24 de abril de 2024

Críticas: Children of Sarajevo

La depravación moral de una sociedad por los ojos de una huérfana de la guerra que abraza el Islam como salvación.

La película de la directora Aida Begic no es fácil. Huye de los sentimentalismos fáciles y desde el primer instante «condena» a la cámara a seguir a la protagonista en todo momento. Ella es nuestra mirada ante el relato que acontece y en todo momento vamos a tomar partido por su persona.

La condena de la cámara es una forma de hablar. Es un uso que a muchos hará recordar los largos planos secuencia de Gus Van Sant en Elephant (aunque desde luego el director americano no inventó nada). La directora nos quiere meter de lleno en esa cabecita, sin necesidades de ver su rostro; vemos lo que ella observa. ¿Para qué un primer plano innecesario de alegría o tristeza? Eso nos introduce de lleno en el personaje aunque suma frialdad, no como algo negativo sino como algo buscado y justificado; a su alrededor, el mundo de la protagonista está regido por las leyes de la corrupción, la falta de ética o moral, la ley del más fuerte y la búsqueda de dinero fácil a toda costa. Un mundo, en resumen, injusto y frío así retratado desde la cámara.

La cinta nos muestra a dos huérfanos de la guerra que sobreviven como pueden en la Sarajevo actual. Un incidente aparentemente insignificante, la pelea en la escuela entre dos niños, uno de ellos hermano de la protagonista, desencadena que Rahima, nuestra heroína, descubra la verdadera vida que lleva el pequeño de la casa y no pueda hacer nada mientras el control de su hermano se le escapa de las manos para ir a parar a la mafia. Rahima intenta hacer frente a todos menos a su hermano, al que no se muestra nunca excesivamente dura. Todo es una derrota anunciada de una pequeña bola que cada vez se va haciendo más grande e imparable.

Si hay alguna cosa en lo que se pongan de acuerdo todos los habitantes de Bosnia es en la vergüenza que sienten hacía sus políticos. Una clase dirigente corrupta y clientelista, experta en dar la mano a los mandatarios extranjeros con una mano y en robar a su propio pueblo con la otra. La cinta nos habla de esto, pero globalizado en una decadencia moral sin atisbo de mejora. Recuperando una frase de Maldito Bastardo, Bosnia marcha porque tiene que marchar, en una especie de milagro del que todos y nadie son responsables. Sarajevo marcha, pero desde luego no avanza. Rahima tiene que hacer frente a titanes que sabe desde el primer instante que no puede vencer aunque al ser uno de los pocos personajes morales que aparecen, se niega a jugar a su juego, lo que la convierte en una luchadora consciente de su derrota con una gran dignidad. Porque ante todo, Rahima aparece como una persona digna.

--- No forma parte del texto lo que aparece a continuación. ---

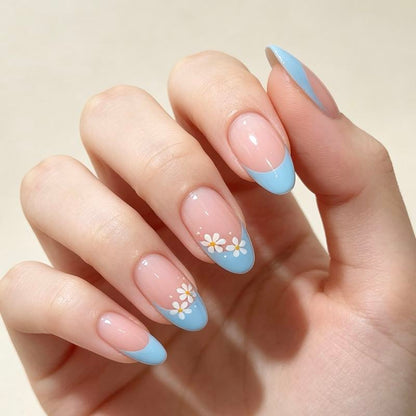 Daisy Blue 24p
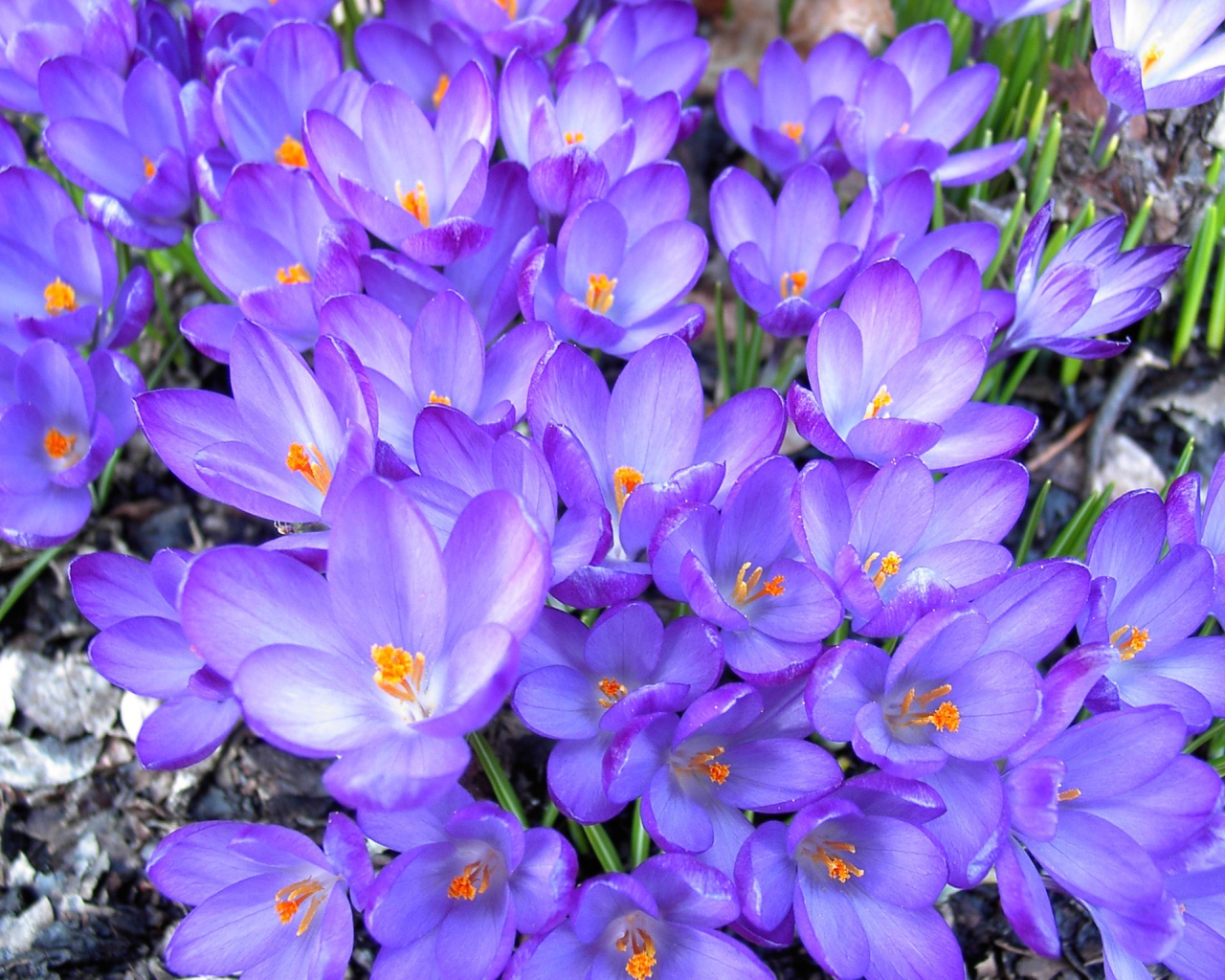 Цветы шафран в лесу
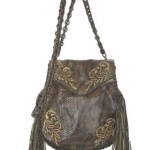 cavalli-2011-2 cavalli-2011-2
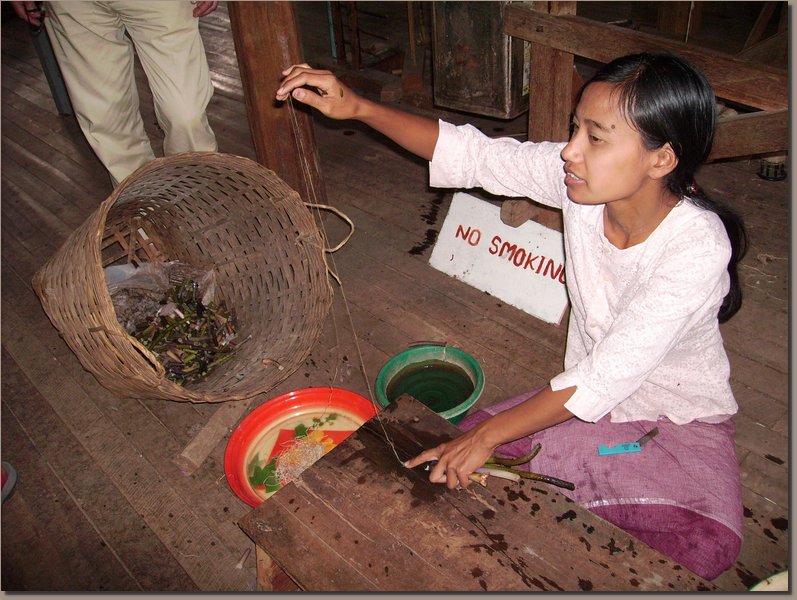Burma - Lotos-Spinnerin am Inle-see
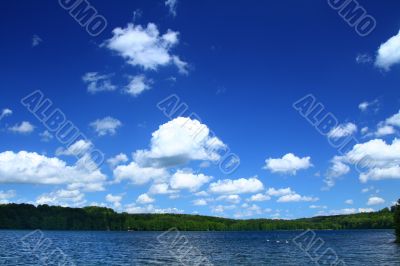 lakeside with tree line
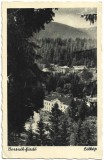 CP1434N Borsz&eacute;k-f&uuml;rdő, L&aacute;tk&eacute;p, carte poștală, Borsec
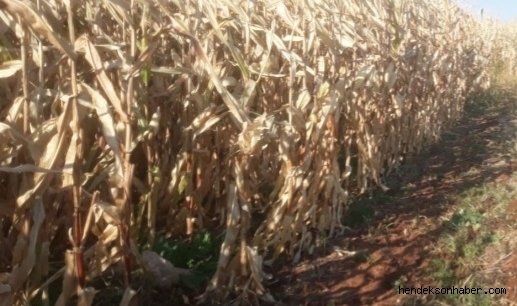 Mısır Tarlasında Cansız Bedeni Bulundu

A lo largo de la película aparecen hasta tres momentos fílmicos de la guerra que asoló Bosnia. Una es al inicio, cuando unos niños cantan y ríen en algo que podría ser una navidad en un sótano mientras se escucha el sonido de las bombas y la metralla. Inmediatamente cortamos para descubrir a nuestra protagonista en la actualidad. La idea es clara, cualquiera de los niños que veíamos podría ser ella, que ha crecido sin padres.

La cinta dice muchas cosas que no se explican detalladamente, como la guerra sorda entre los hermanos a cuenta de que la mayor ha decidido llevar el pañuelo musulmán cubriéndose el pelo. Poco o nada se dice al respecto, pero queda claro que Harima ha decidido aferrarse al Islam como un bálsamo entre tanta decadencia mientras que su hermano ha abrazado el camino de conseguir dinero de manera rápida. Ninguno de los dos entenderá jamás al otro, por muy unidos que estén por la sangre. No obstante, todavía se quieren.

Los dos personajes desaparecen, al final, entre la niebla del incierto porvenir. Porque al final la cinta no va de superar los obstáculos que se encuentran por motivos ajenos (o no tan ajenos) a ellos, sino de volver a ser una familia, aunque no haya futuro.